Journal editors want to see important research published. After all, their goal is to accept articles that could be highly cited. And they increasingly recognize that involving practitioners in research yields both novel insights and practical impacts.

Nevertheless, such co-created research has a poor history of publication in top journals.

How can researchers working with practitioners improve their chances of publication?

At a professional development workshop at the 2017 Academy of Management meeting, four journal editors provided their advice on how to succeed with research that involves co-creation by academics and practitioners.

The editors were Peter Bamberger, incoming editor-in-chief of Academy of Management Discoveries (AMD), Tima Bansal, deputy editor of Academy of Management Journal (AMJ), Forrest Briscoe, associate editor of Administrative Science Quarterly (ASQ), and Martha Feldman, senior editor of Organization Science (OS).

These editors described the challenges and importance of collaborative work— and how to get it into a journal.

Collaboration with practitioners takes many forms

The AOM session officially addressed “action research,” a research methodology which involves practitioners as co-investigators and seeks to change a system by reflecting, theorizing and acting.
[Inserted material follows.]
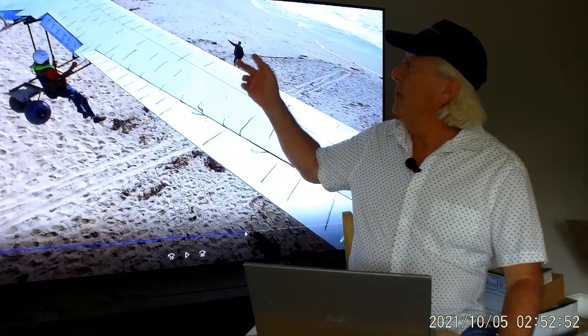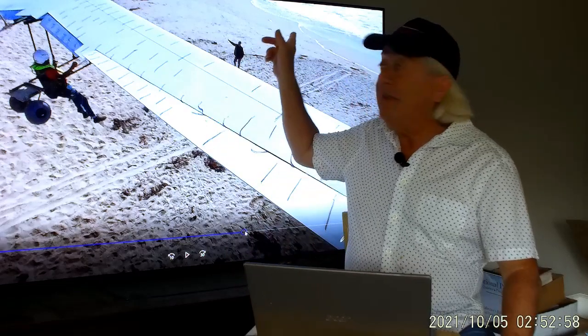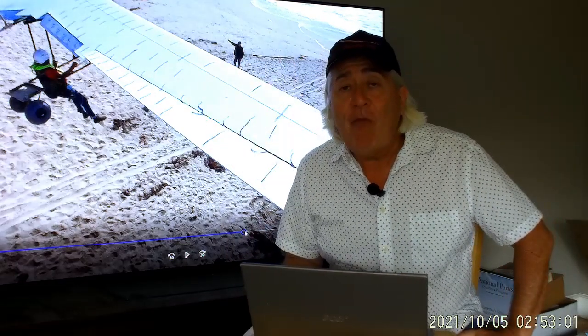My wonderful ground helper Trey here is telling me which way to go, but that's pretty obvious by the ocean here that I need to turn. The flight went reasonably well and you might be wondering why I'm not standing in front of my wing telling you all about it.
Ideally, action researchresults in solutions for management practice and contributions to management theory. The journal editors also spoke about related methodologies such as engaged scholarship and insider-outsider research.

Sara Rynes (University of Iowa), the session moderator, described its focus as any research where “practitioners of various sorts are in some way intimately involved in the co-production of research.”

When it comes to publication, all such research faces similar challenges.

Publication is rare

The editors described publishing few articles that use action research or were co-created with practitioners. Briscoe described seeing one such paper over two years at ASQ. Bansal recalled only two “action research” papers being published by AMJ. “I see very few action research or engaged scholarship papers, and those that are submitted are not solidly executed,” Bansal explained. (Bamberger and Feldman didn’t provide specific numbers.)

Ideas about research are changing

Increasingly, researchers are arguing that scholarship and practice are often tightly intertwined, especially in qualitative research. Journals are slowly recognizing that connection.

Academic research should have impact, said Briscoe, pointing to Anita McGahan’s AOM presidential address as an articulation of this goal. “She was basically calling out for all of us to be more emboldened in trying to figure out how to make our work relevant to practice,” said Briscoe. “I’m a big believer in that.” He sees engaging practitioners as a way to help identify important questions and validate findings.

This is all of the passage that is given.